[WORK ITEM]
Among the entries below, take the line with "Load image into" and the line with "Pohon Besar Tumbang", and output them and every line between them exactly, with nothing else.

[SOURCE MATERIAL]
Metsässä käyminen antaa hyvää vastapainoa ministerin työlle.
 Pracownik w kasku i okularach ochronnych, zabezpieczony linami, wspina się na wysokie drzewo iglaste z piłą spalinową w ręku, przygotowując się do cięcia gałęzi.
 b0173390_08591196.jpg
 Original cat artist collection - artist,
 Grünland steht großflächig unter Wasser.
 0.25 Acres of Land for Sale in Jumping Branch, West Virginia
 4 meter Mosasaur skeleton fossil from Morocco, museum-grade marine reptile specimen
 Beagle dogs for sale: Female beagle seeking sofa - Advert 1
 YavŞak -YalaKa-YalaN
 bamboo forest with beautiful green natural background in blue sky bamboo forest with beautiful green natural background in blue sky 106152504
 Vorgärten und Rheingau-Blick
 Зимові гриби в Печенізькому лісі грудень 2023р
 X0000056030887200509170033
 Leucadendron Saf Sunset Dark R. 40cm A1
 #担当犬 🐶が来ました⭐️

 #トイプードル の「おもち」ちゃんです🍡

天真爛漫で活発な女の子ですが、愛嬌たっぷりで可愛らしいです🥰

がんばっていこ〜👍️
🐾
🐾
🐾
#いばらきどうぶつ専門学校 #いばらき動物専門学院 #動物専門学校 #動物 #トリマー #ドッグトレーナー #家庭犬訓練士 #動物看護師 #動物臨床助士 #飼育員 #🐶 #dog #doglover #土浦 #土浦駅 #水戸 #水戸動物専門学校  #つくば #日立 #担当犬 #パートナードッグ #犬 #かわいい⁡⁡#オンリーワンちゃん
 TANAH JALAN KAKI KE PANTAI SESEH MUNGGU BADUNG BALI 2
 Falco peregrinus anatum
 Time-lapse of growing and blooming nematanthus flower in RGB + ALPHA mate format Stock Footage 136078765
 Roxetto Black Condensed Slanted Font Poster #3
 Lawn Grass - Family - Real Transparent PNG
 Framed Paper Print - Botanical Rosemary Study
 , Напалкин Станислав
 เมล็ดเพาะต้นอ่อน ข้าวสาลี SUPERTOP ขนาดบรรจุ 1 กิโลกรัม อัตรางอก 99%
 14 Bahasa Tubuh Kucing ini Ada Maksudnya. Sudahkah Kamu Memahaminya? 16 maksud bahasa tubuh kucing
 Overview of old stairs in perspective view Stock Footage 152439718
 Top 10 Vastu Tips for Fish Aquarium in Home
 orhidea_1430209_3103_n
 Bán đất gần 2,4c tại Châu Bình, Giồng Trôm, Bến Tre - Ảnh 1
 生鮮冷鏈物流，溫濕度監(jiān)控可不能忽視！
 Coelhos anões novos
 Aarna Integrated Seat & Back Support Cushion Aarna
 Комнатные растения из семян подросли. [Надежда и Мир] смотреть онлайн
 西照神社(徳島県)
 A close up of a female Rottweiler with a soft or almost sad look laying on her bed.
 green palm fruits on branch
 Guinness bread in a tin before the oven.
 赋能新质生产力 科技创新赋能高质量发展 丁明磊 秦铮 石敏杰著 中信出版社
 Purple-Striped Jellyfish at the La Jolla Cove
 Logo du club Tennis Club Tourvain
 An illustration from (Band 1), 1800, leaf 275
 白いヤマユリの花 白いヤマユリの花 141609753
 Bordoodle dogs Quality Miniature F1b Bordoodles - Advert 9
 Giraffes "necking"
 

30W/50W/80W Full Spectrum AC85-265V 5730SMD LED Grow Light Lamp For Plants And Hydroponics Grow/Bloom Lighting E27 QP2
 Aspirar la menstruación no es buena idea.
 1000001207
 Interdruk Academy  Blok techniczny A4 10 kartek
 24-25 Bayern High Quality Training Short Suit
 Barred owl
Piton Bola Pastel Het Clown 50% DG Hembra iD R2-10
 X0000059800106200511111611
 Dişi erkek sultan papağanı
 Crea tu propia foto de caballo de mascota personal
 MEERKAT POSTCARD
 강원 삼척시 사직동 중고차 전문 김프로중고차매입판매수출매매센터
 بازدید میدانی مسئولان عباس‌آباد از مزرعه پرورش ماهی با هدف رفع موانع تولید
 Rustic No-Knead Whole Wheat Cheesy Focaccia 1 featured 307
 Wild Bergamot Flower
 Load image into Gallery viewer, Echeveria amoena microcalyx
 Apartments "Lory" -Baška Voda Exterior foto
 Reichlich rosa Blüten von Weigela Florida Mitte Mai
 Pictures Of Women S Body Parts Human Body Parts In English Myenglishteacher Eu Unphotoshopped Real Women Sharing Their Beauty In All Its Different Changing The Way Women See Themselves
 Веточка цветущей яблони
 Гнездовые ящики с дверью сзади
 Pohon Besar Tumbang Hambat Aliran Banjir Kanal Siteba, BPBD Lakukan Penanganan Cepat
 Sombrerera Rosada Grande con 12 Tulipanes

[SOLUTION TO THIS PROBLEM]
 Load image into Gallery viewer, Echeveria amoena microcalyx
 Apartments "Lory" -Baška Voda Exterior foto
 Reichlich rosa Blüten von Weigela Florida Mitte Mai
 Pictures Of Women S Body Parts Human Body Parts In English Myenglishteacher Eu Unphotoshopped Real Women Sharing Their Beauty In All Its Different Changing The Way Women See Themselves
 Веточка цветущей яблони
 Гнездовые ящики с дверью сзади
 Pohon Besar Tumbang Hambat Aliran Banjir Kanal Siteba, BPBD Lakukan Penanganan Cepat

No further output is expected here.